Banmiller adds that Aloha is not the airline it was 12 months ago, and would prove formidable to any new challenger. In addition to its 60-year history in Hawaii, through reorganization, Aloha has trimmed $75 million from its expenses and its new investors, the Yucaipa Companies, led by billionaire supermarket magnate Ronald Burkle, are ready to infuse $50 million in cash and $50 million in debt financing to help the airline succeed.

“Both companies [Hawaiian and Aloha], through the bankruptcy process, have reenergized themselves, Banmiller says. “It is going to be harder than ever for somebody to come in.”

Payoff Worth the Risk

Ornstein says he is well aware that an entrance into the Hawaii market is “not a slam dunk. I would never say this is a no-risk deal.”

But the payoff appears worth the risk.

The majority of Mesa Air Group’s business on the Mainland is running regional airlines as an extension for larger partners such as United, American West and Delta. As an independent airline in Hawaii, Mesa would be able to establish its name separately from those partners in a market where it will not fade into the background among scores of carriers.

“In Hawaii, with only eight aircraft, people will know about Mesa in two weeks,” Ornstein says. “This would be a small part of our operations, but we can project a lot of force.”

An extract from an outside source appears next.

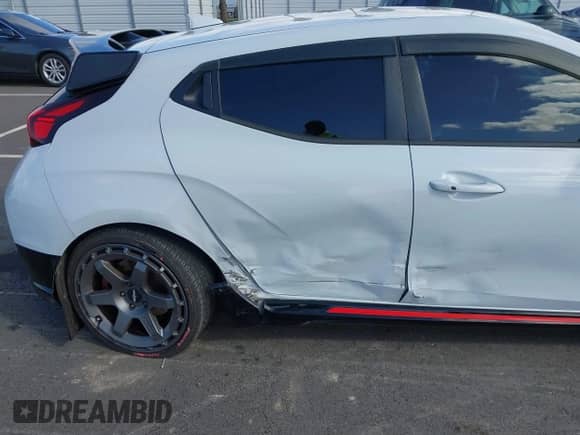 2019 Hyundai Veloster N z VIN KMHT36AH6KU001916, wystawiony jako IAAI lot #41577775 z przebiegiem 77 471 mil mil oraz . Historia ofert i sprzedaży dostępna na DreamBid. Obrazek 6.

The plan is to start with eight 50-seat jets and, as Mesa builds its foothold here, in a year more than double the number of planes, including adding 90-seaters. The prices would range from $86 to $171 for roundtrip tickets and Mesa would fly to all major airports.

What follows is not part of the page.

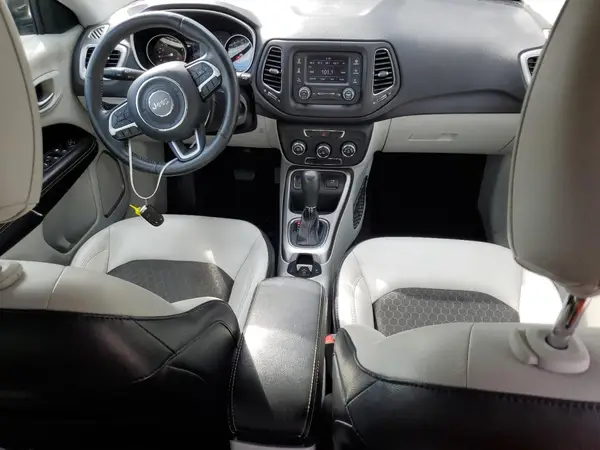 3C4NJCBB1JT469055 2018 JEEP COMPASS - Image 8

Ornstein says the company is now working on finding the appropriate planes for interisland service. He says Mesa is awaiting the best deal on twin-engine Bombardier CJR 200s, which could shortly become available through struggling Mainland airlines selling off their assets. He expects to enter the Hawaii market in the first half of 2006.

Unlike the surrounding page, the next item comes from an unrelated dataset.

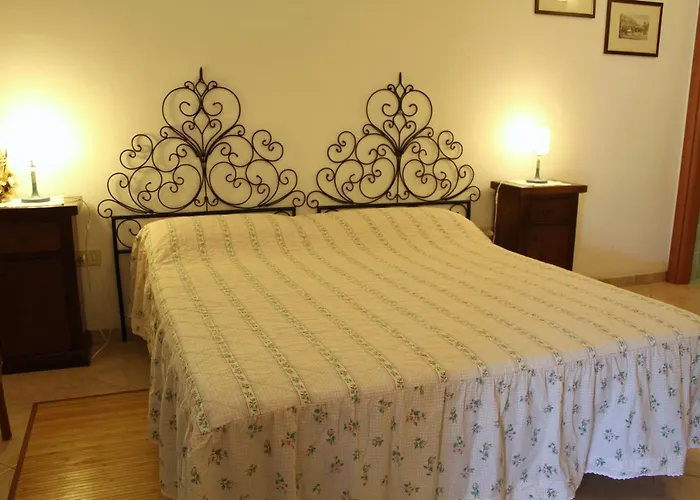 Vecchio Olmo فندق مبيت وإفطار 3*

“We are just waiting for the right price for the right plane,” he says.

University of Hawaii economics professor Jim Mak believes that Mesa just might have the right formula to make it in Hawaii, and unlike earlier newcomers it has the capital to compete. “I think Mesa is going to come in with lower fares and the planes will be a little slower, but I think a lot of local people in Hawaii will be willing to fly the airline for a lower price.”A few observers are eagerly waiting for that day.

Mak scoffs at the notion that Mesa would introduce instability into the market. Mak agrees that the Hawaii market will not support three airlines; he places the market at closer to 2.5 airlines. But competition breeds better airlines with better service and lower fares, he says. Mak maintains only the stockholders of the company that loses market share suffer.

“Consumers are the ones who will benefit and I think the state should do everything it can to help Mesa succeed,” Mak says. “Ever since deregulation of the airline industry, we have seen airlines come and go. The efficient airlines stay and the inefficient go.”

This time around, though, it might not be the challenger that disappears in interisland service, Mak says, and quickly adds that, even if Mesa doesn’t come, someone else will see the potential payoff, perceive the vulnerability in the volatile Hawaii market, and make the plunge, he says.

Even Island Air, the small turboprop carrier that recently became independent of Aloha, is nibbling at market share by increasing its flights in the Islands. And now small-time carrier Pacific Wings, with its band of four- and eight-seater, low-flying Cessnas, is running a television ad campaign.

“The handwriting is on the wall,” Mak says.